==== Provided records

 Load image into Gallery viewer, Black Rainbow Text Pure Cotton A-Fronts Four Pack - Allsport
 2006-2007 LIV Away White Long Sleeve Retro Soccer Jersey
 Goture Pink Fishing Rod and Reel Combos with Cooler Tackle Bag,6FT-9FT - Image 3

========
==== Provided records

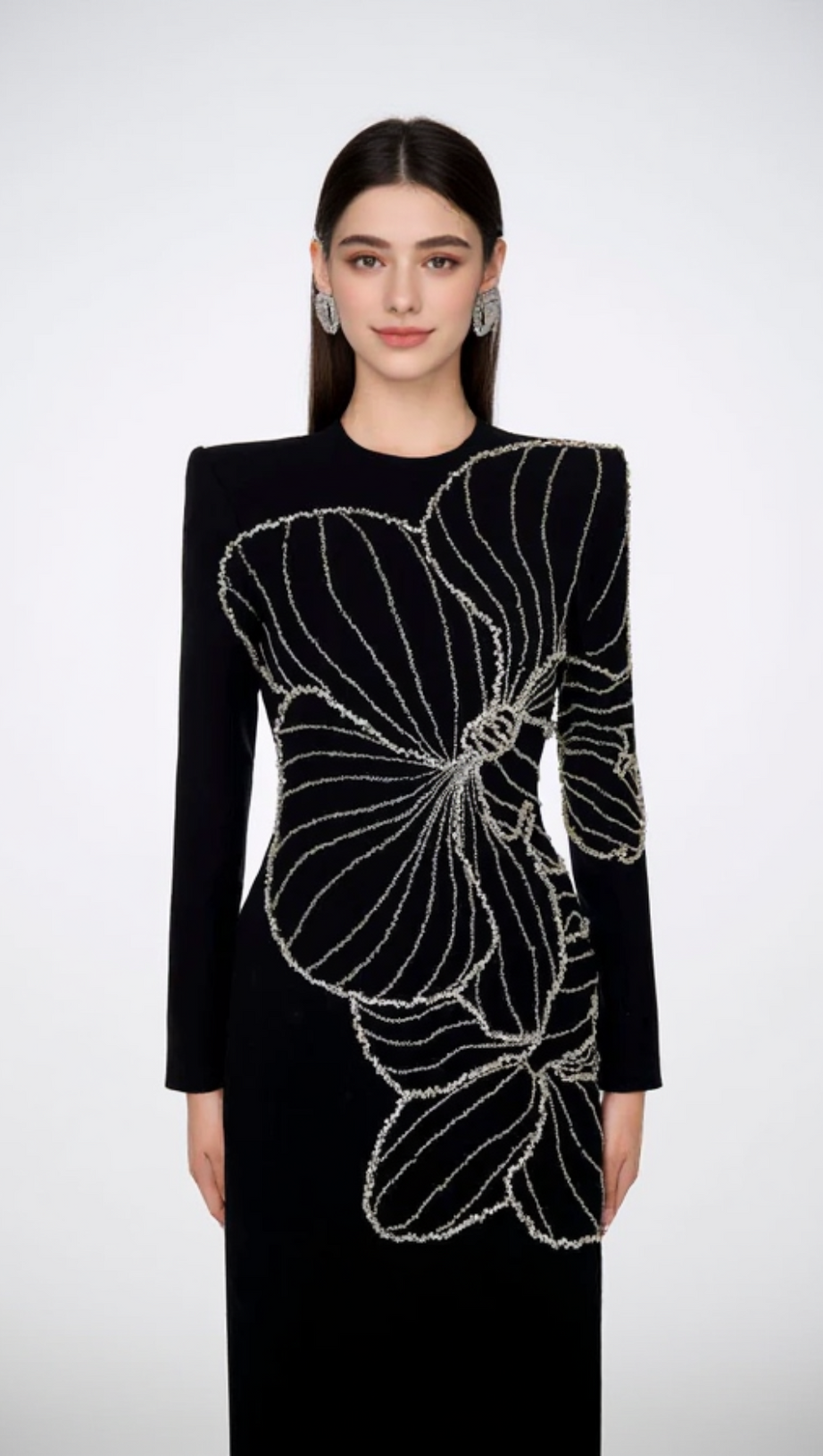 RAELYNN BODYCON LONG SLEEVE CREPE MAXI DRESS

========
==== Provided records

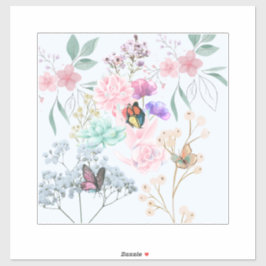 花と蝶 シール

========

[Assignment] Working from the material above, restate word for word the lines between the line with "Load image into" and the line with "Goture Pink Fishing", both included, and only those.

[Written answer]
 Load image into Gallery viewer, Black Rainbow Text Pure Cotton A-Fronts Four Pack - Allsport
 2006-2007 LIV Away White Long Sleeve Retro Soccer Jersey
 Goture Pink Fishing Rod and Reel Combos with Cooler Tackle Bag,6FT-9FT - Image 3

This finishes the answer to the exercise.